> What you have to do
Starting at the line that contains "Il salotto Belém" and stopping at the line that contains "UNO 1.4 EVO", restate each line of the records below exactly. Omit the pictures.

> Dataset

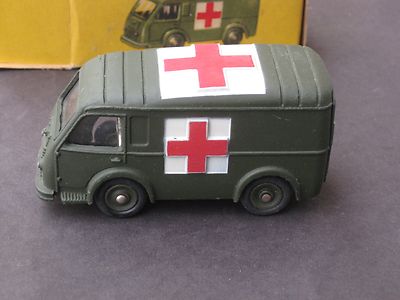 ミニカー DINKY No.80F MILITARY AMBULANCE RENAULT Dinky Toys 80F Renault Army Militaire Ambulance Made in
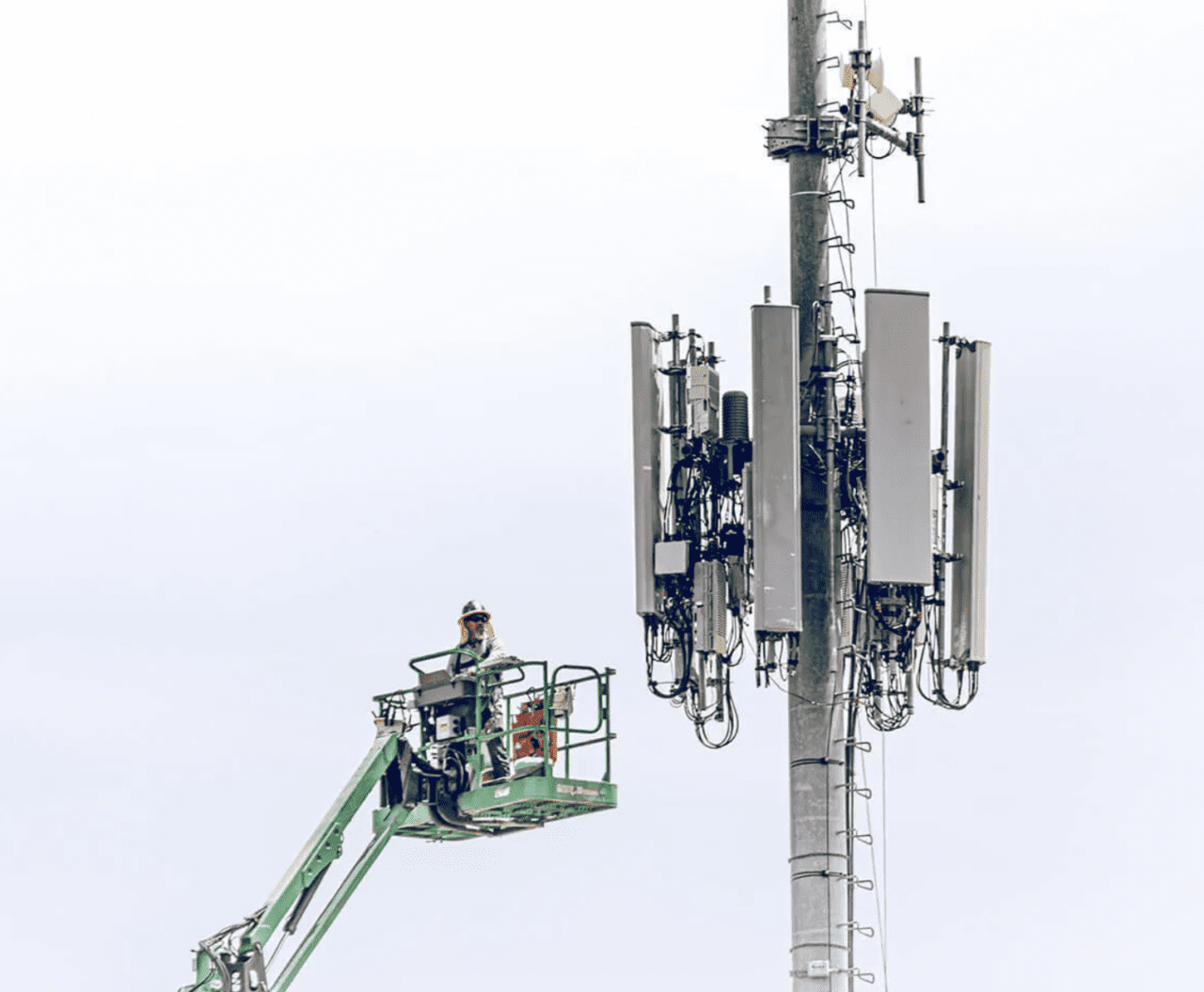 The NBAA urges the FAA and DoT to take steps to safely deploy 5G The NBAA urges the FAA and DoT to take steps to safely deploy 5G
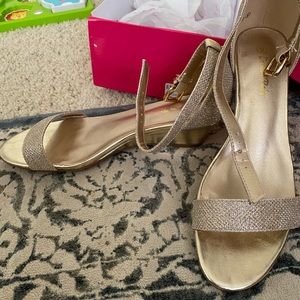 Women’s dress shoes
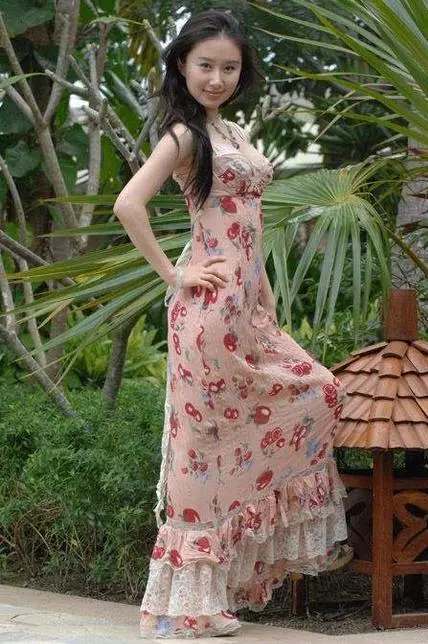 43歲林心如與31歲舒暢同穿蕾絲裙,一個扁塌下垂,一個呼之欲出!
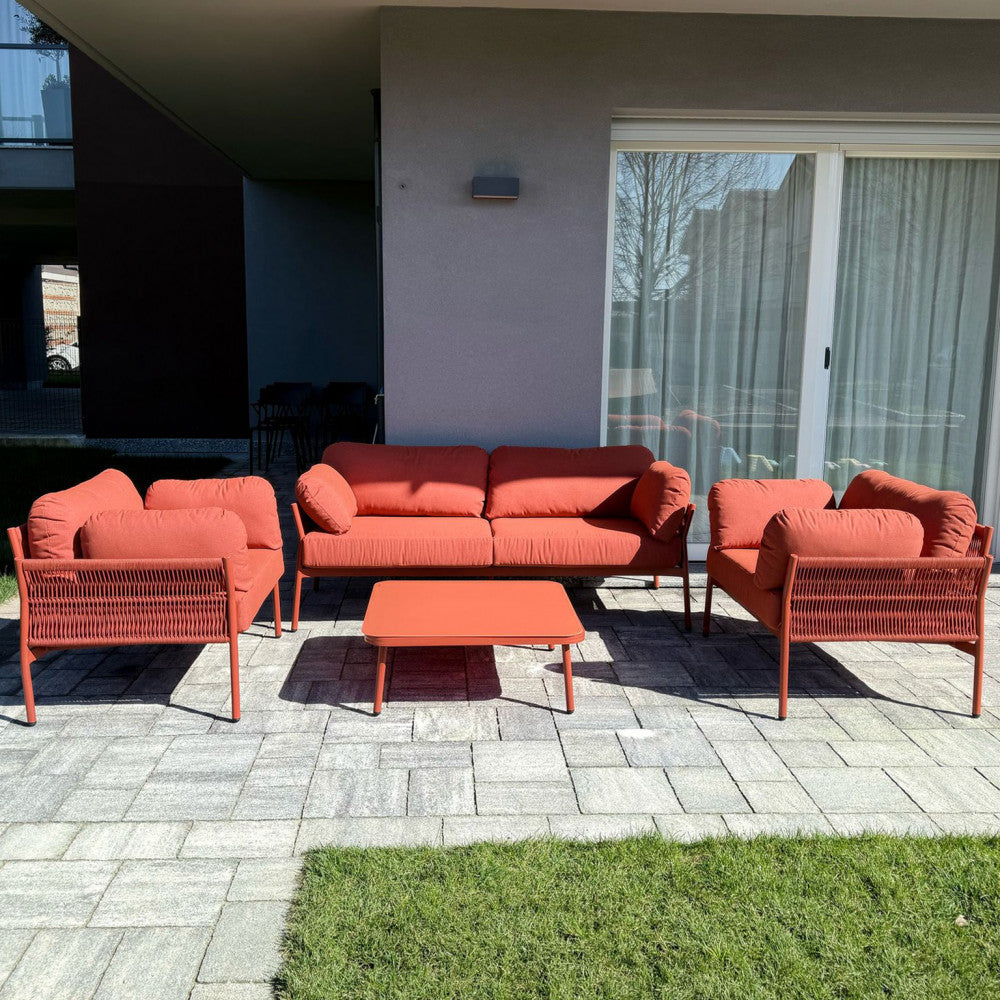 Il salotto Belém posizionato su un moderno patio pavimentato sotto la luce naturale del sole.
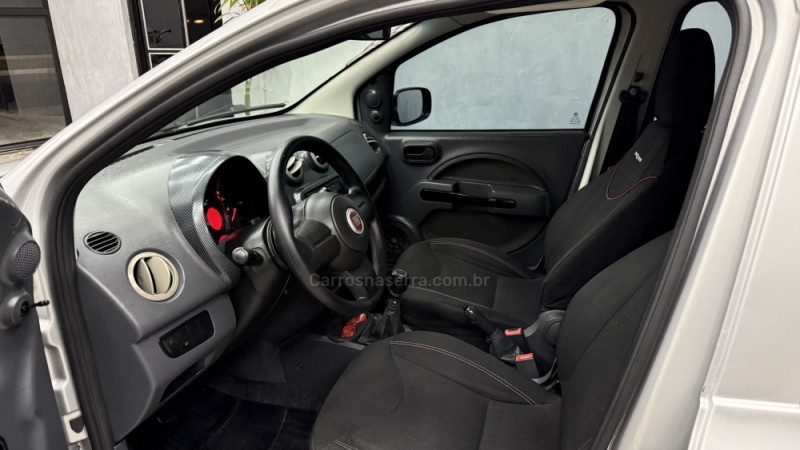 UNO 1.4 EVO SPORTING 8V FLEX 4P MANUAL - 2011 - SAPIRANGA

--

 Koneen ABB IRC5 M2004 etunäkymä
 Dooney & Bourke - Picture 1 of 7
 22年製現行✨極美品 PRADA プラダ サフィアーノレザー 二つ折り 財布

> Solution
 Il salotto Belém posizionato su un moderno patio pavimentato sotto la luce naturale del sole.
 UNO 1.4 EVO SPORTING 8V FLEX 4P MANUAL - 2011 - SAPIRANGA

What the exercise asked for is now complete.